Given the threats that biodiversity faces, how should conservation efforts adjust to the pressure of climate change?
- Protected Areas should be made larger to accompany species shifting
- Conservation strategies need to be adapted to the future, not dependent past success
- Humans need to be taken into consideration
- Focus on the systems as a whole, not specifically trends for extinction
Of major interest to Dr. Sterling are bio-cultural feedback loops, one example is where, due to sea level rise, human populations may adapt by no longer fishing on the coast and instead moving in land and starting to farm in areas that have never had farming, which effects MANY eco-systems and needs to be better tracked and predicted.
She is not all doom and gloom though. Quite the contrary…
Dr. Sterling mentioned that some species will benefit from climate change, for example their range may expand. She also talked about interesting research that is currently being done:
- One of Dr. Sterling’s colleagues Dr. Richard Pearson recently wrote a book entitled “Driven to Extinction: The Impact of Climate Change on Biodiversity”
- Together with the Wildlife Conservation Society she and her colleagues are studying habitats that will be appropriate for jaguars in the future, given current climate change predictions. This way they can more likely protect the appropriate habitat for jaguars going forward.
- There is also research looking at coral reefs that exist in areas of natural disturbance, such as on the west coast of the US where El Nino and La Nina, can greatly change the temperature and acidity of the water.
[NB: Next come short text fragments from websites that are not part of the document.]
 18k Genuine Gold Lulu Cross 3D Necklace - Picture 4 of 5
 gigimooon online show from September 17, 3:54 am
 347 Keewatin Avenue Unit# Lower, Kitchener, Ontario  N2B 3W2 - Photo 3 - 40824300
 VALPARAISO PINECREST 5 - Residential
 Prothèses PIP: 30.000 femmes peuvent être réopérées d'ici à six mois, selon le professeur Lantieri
This information may help researchers to protect other coral reefs from similar changes due to climate change.
- The American Museum of Natural History has a new exhibit that Eleanor helped create to connect people to where their food comes from, titled “Our Global Kitchen: Food, Nature, Culture.”
It may seem like a lot is being done to combat biodiversity loss in the face of climate change, but it has long been a struggle to motivate everyday people to care about biodiversity loss. Perhaps a major crisis needs to occur to shock people into caring and getting involved, or perhaps a not-so-drastic solution is available. Eleanor advocates education, communication and the exchange of ideas to get people excited, to make better informed decisions, and to come up with solutions. Conserving biodiversity in the face of climate change isn’t going to be an easy task, but it isn’t impossible.